Work instruction: Take the entries below and write them out exactly, with each picture removed.

(Dataset extract begins)

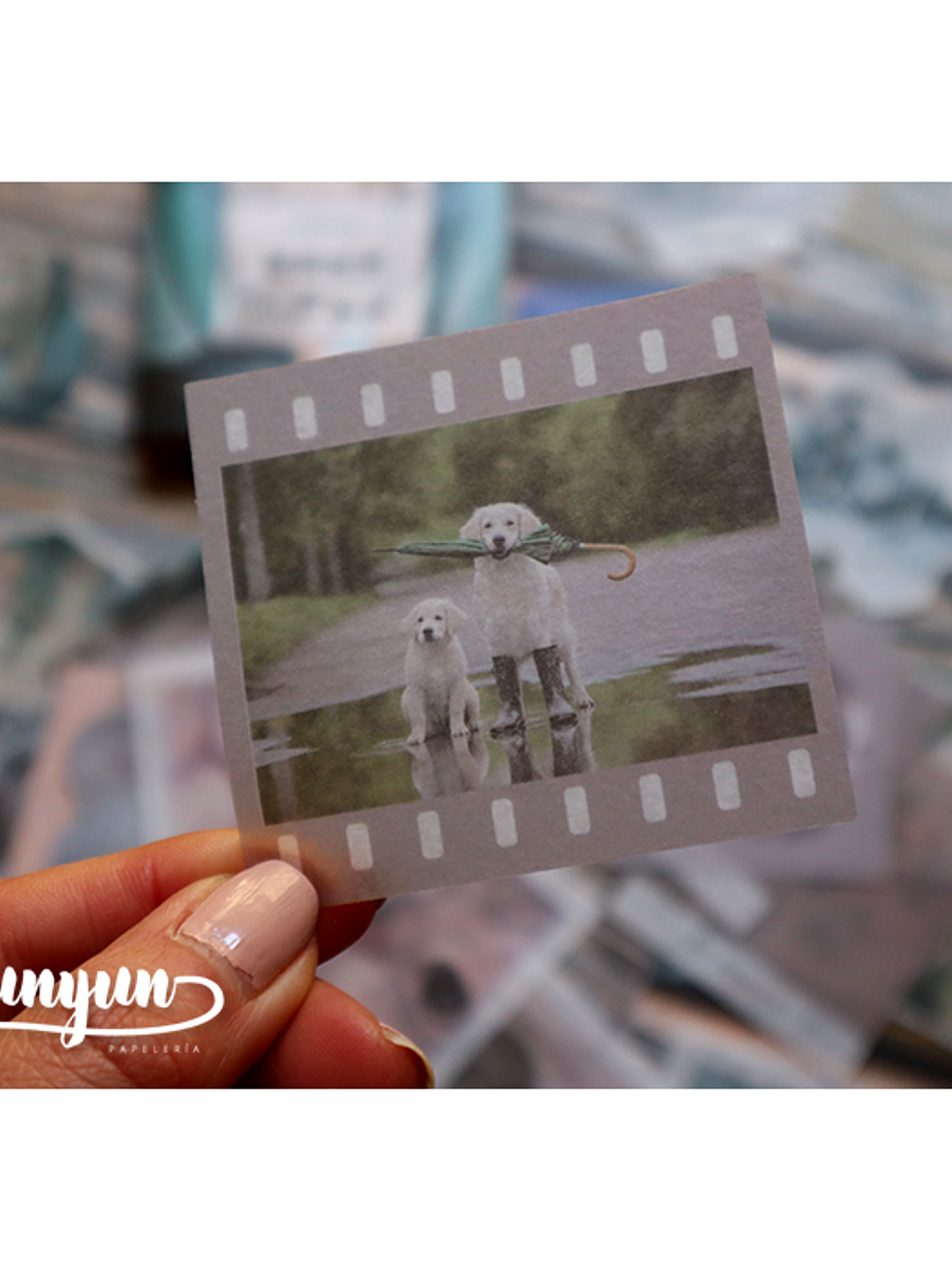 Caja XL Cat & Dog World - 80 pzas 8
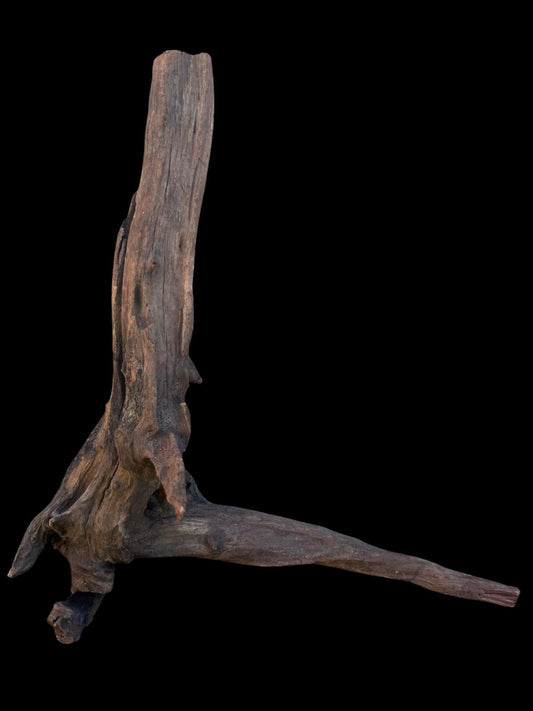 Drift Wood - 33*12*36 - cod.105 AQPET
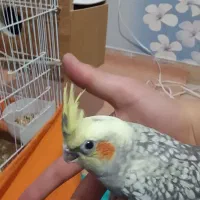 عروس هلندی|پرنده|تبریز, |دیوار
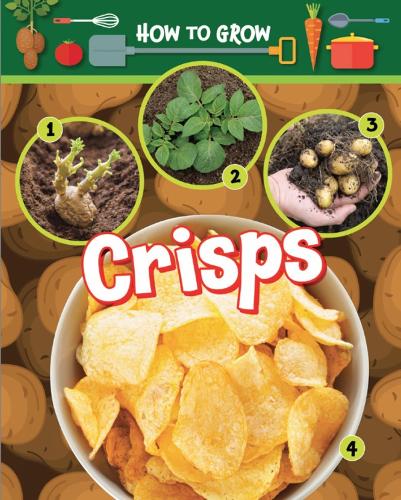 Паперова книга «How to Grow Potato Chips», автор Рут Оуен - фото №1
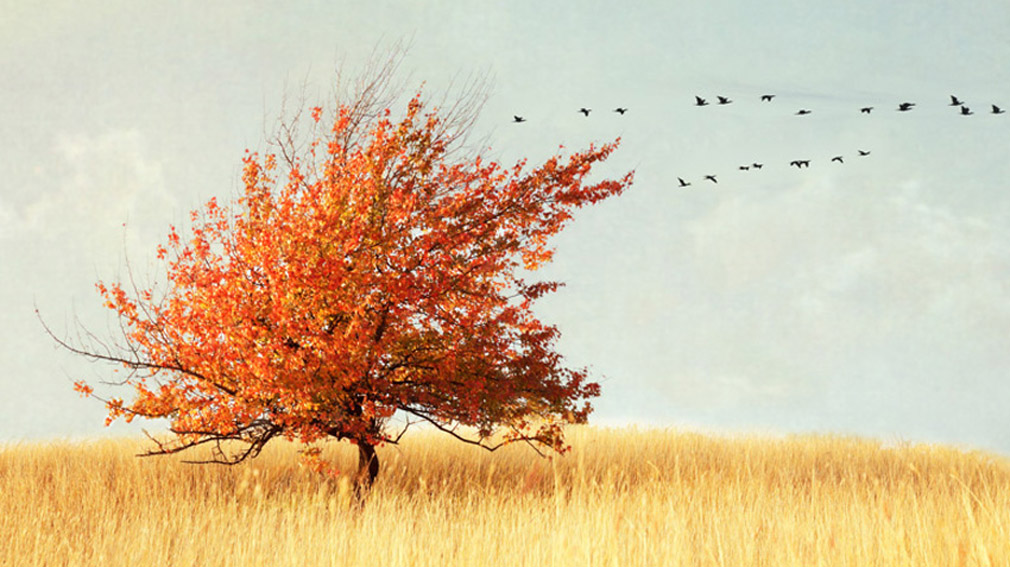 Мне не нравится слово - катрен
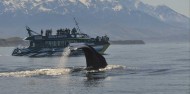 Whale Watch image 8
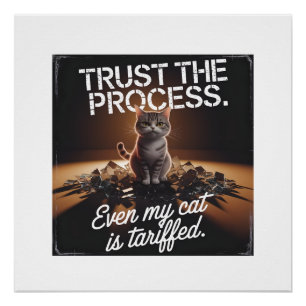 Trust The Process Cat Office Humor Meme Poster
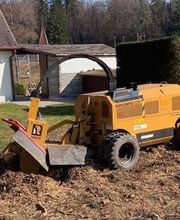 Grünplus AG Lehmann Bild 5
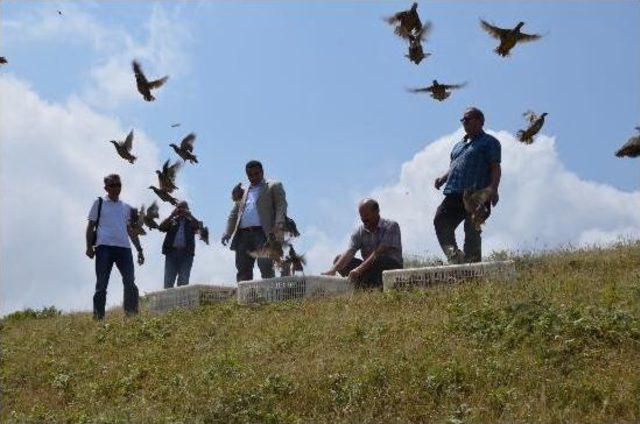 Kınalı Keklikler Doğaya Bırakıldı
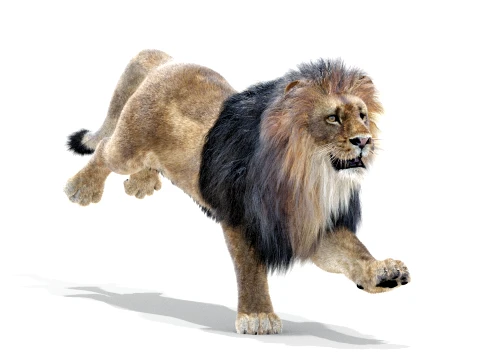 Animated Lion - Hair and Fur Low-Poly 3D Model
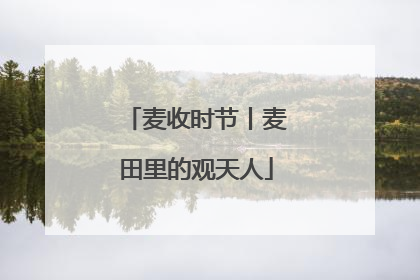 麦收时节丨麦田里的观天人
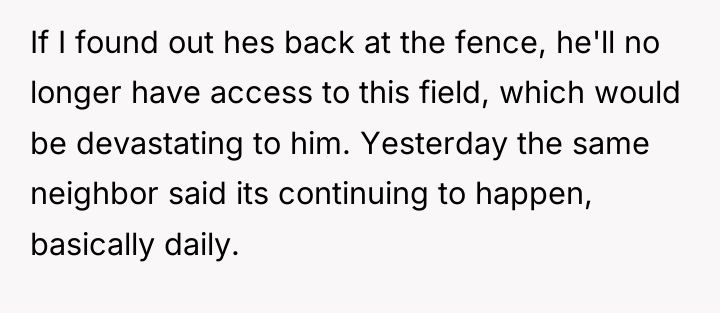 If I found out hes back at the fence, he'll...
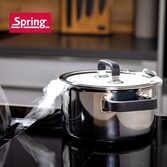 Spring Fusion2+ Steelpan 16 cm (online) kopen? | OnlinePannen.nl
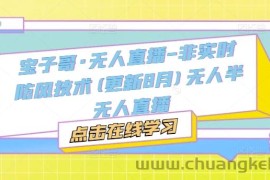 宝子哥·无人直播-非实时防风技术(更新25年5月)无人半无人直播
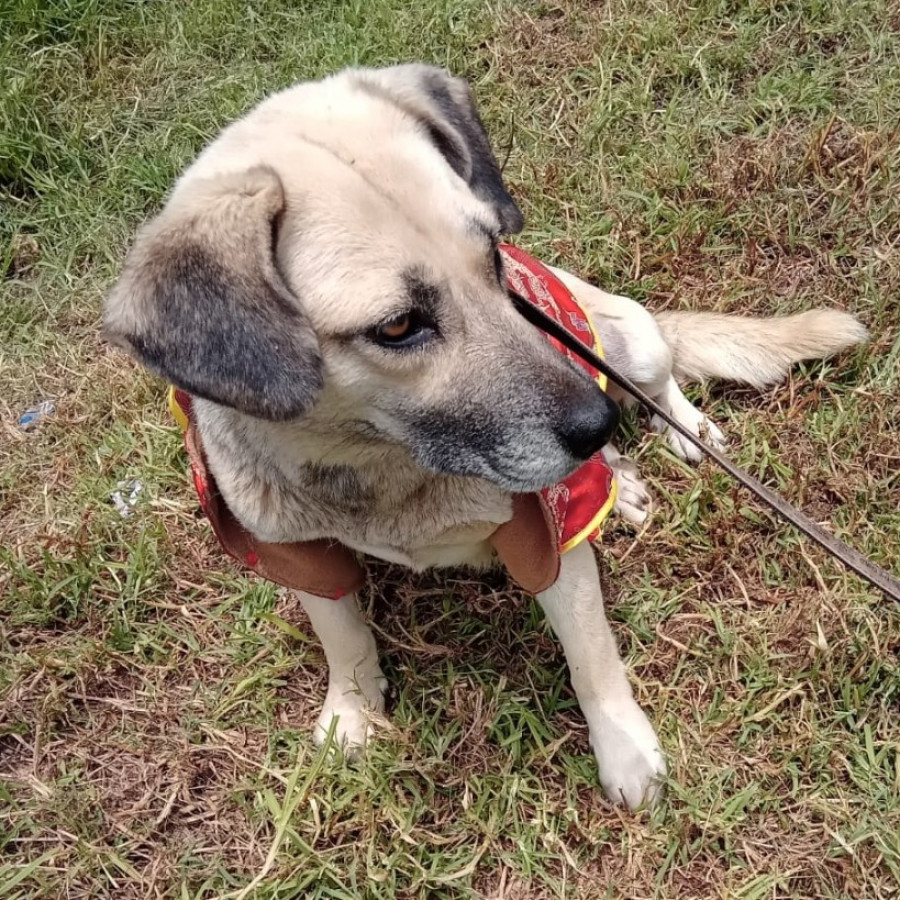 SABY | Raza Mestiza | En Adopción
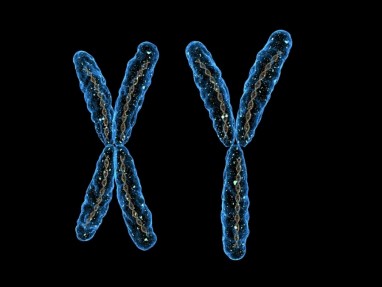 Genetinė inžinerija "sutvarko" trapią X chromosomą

(Dataset extract ends)

Problem solution:
 Caja XL Cat & Dog World - 80 pzas 8
 Drift Wood - 33*12*36 - cod.105 AQPET
 عروس هلندی|پرنده|تبریز, |دیوار
 Паперова книга «How to Grow Potato Chips», автор Рут Оуен - фото №1
 Мне не нравится слово - катрен
 Whale Watch image 8
 Trust The Process Cat Office Humor Meme Poster
 Grünplus AG Lehmann Bild 5
 Kınalı Keklikler Doğaya Bırakıldı
 Animated Lion - Hair and Fur Low-Poly 3D Model
 麦收时节丨麦田里的观天人
 If I found out hes back at the fence, he'll...
 Spring Fusion2+ Steelpan 16 cm (online) kopen? | OnlinePannen.nl
 宝子哥·无人直播-非实时防风技术(更新25年5月)无人半无人直播
 SABY | Raza Mestiza | En Adopción
 Genetinė inžinerija "sutvarko" trapią X chromosomą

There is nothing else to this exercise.